Python: can I safely unpickle untrusted data?

Question

The pickle module documentation says right at the beginning:

Warning: The pickle module is not intended to be secure against erron

Answer 1

This idea has been discussed also on the mailing list python-ideas when addressing the problem of adding a safe pickle alternative in the standard library. For example here:

To make it safer I would have a restricted unpickler as the default (for load/loads) and force people to override it if they want to loosen restrictions. To be really explicit, I would make load/loads only work with built-in types.

And also here:

I've always wanted a version of pickle.loads() that takes a list of classes that are allowed to be instantiated.

Is the following enough for you: http://docs.python.org/3.4/library/pickle.html#restricting-globals ?

Indeed, it is.
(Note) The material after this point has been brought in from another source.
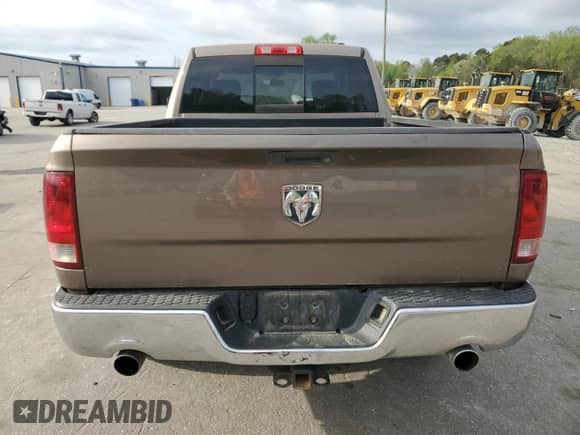 2010 Dodge 1500 Laramie z VIN 1D7RV1GT0AS183037, wystawiony jako Copart lot #51222285 z przebiegiem 214 355 mil mil oraz Szkoda całkowita • Salvage title. Historia ofert i sprzedaży dostępna na DreamBid. Obrazek 6.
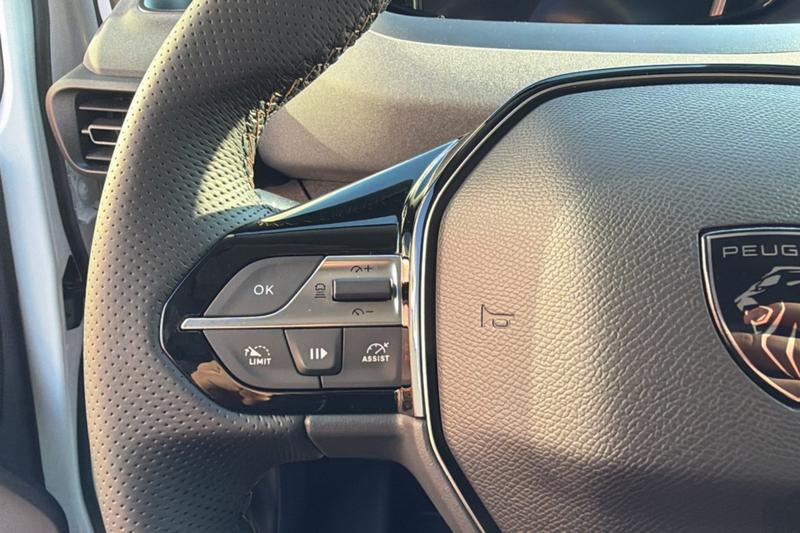 Peugeot Rifter Bluehdi 130 Eat8 Gt Plus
Thanks for pointing it out! I've never gotten past the module interface part of the docs. Maybe the warning at the top of the page could also mention that there are ways to mitigate the safety concerns, and point to #restricting-globals?

Yes, that would be a good idea :-)

So I don't know why the documentation has not been changed but according to me, using a RestrictedUnpickler to restrict the types that can be unpickled is a safe solution. Of course there could exist bugs in the library that compromise the system, but there could be a bug also in OpenSSL that show random memory data to everyone who asks.